Dear Mark,

    I have simulated the case with new drag force ratios:
k=100, speed = 0.19 cm/s
k=1000, speed = 0.052 cm/s


    Well, the particle cannot be stopped. Even bitumen has some limited viscosity and the particle will be moving through it:
https://en.wikipedia.org/wiki/Pitch_drop_experiment

    
    I had to reduce integration time step to keep the process convergence stable. So the particle traveled only a small distance so far (13000 steps * 10 microseconds =  0.13 sec). But I can keep on calculating the trajectory if needed.

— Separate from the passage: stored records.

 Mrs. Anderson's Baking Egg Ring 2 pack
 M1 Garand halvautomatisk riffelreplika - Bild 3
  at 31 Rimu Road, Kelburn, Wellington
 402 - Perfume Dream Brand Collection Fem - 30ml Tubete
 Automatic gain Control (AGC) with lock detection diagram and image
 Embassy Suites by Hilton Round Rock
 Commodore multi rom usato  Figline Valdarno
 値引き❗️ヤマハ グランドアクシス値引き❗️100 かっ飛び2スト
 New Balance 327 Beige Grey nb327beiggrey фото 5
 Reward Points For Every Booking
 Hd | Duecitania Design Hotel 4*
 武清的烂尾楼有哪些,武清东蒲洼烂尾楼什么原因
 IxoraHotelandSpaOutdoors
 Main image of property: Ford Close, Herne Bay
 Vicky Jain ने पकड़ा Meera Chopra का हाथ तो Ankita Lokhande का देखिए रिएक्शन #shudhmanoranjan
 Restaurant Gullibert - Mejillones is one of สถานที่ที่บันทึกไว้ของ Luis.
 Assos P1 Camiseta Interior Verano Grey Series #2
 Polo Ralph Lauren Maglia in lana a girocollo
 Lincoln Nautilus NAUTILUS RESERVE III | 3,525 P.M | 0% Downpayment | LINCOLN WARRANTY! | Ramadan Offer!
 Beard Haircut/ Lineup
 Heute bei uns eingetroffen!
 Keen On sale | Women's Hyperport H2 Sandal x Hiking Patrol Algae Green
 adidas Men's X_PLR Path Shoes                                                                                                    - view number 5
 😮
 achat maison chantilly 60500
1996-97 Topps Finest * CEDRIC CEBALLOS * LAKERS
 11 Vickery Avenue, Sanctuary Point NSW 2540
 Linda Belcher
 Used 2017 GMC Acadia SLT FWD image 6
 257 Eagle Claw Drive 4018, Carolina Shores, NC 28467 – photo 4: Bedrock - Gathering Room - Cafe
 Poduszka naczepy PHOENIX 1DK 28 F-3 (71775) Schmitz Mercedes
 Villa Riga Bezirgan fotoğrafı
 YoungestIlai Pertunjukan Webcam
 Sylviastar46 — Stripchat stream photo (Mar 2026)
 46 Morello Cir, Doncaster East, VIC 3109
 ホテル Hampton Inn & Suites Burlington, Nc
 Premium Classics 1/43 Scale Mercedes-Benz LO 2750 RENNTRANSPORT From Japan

     In fact after initial oscillations have subdued the speed changes very gradually. Probably we should spend some time and modify this simple integration algorithm. For once we can invent variable time step so that we can integrate  with larger time-steps if the speed variation is low and get the results faster.
    
    I attach only small portions of calculated results. The full data will be copied to
stuff.quickfield.com/MarkArokiaraj/
    Time spent 1 hour.


Best regards,
        Alex


On 21.03.2019 5:48, Mark Arokiaraj wrote:
> Dear Alex,
>
>            We will also calculate further for 100 times and 1000 times the drag force. We will see the displacement and velocity.
>
> with regards,
> Mark